● **Task goal**: Keep to one stretch of the data below, the lines from the one with "Captura del proyecto GSMAV" up to and including the one with "Нервная система человека презентация пименов", and return that stretch exactly.

Excerpts from a dataset:
<<<<

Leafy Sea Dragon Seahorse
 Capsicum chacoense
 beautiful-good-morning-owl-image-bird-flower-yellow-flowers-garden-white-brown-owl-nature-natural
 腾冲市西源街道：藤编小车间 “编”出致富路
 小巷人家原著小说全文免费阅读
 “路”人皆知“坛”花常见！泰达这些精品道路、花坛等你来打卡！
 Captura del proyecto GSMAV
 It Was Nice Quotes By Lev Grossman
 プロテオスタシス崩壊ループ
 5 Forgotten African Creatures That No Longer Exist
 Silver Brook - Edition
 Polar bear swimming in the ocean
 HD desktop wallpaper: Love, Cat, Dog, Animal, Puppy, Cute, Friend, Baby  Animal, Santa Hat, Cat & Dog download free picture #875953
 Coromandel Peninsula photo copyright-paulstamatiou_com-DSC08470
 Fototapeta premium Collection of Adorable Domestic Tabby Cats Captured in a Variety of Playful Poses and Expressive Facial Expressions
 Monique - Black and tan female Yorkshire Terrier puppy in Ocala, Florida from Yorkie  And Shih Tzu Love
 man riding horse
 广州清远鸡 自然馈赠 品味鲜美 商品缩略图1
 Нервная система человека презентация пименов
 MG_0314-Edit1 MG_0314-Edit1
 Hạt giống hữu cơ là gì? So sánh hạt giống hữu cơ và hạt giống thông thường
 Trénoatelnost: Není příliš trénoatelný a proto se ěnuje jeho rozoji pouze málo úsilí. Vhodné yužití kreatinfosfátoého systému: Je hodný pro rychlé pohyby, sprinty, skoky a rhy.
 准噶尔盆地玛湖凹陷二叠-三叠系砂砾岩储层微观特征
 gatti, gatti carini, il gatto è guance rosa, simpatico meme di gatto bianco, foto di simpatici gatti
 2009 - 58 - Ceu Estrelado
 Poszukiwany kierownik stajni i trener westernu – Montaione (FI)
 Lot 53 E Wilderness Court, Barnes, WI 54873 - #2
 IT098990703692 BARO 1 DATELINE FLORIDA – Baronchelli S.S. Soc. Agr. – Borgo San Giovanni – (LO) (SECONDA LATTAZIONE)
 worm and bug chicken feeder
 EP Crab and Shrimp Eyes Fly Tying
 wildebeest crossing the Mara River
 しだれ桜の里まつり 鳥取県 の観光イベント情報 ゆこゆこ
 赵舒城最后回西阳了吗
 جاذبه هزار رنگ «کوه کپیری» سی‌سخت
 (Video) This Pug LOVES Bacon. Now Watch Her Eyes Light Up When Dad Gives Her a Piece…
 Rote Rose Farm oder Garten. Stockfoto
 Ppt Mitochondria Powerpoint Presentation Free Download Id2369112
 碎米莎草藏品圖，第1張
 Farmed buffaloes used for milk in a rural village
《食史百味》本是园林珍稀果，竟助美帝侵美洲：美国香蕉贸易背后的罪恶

>>>>

● **Exercise solution**:
 Captura del proyecto GSMAV
 It Was Nice Quotes By Lev Grossman
 プロテオスタシス崩壊ループ
 5 Forgotten African Creatures That No Longer Exist
 Silver Brook - Edition
 Polar bear swimming in the ocean
 HD desktop wallpaper: Love, Cat, Dog, Animal, Puppy, Cute, Friend, Baby  Animal, Santa Hat, Cat & Dog download free picture #875953
 Coromandel Peninsula photo copyright-paulstamatiou_com-DSC08470
 Fototapeta premium Collection of Adorable Domestic Tabby Cats Captured in a Variety of Playful Poses and Expressive Facial Expressions
 Monique - Black and tan female Yorkshire Terrier puppy in Ocala, Florida from Yorkie  And Shih Tzu Love
 man riding horse
 广州清远鸡 自然馈赠 品味鲜美 商品缩略图1
 Нервная система человека презентация пименов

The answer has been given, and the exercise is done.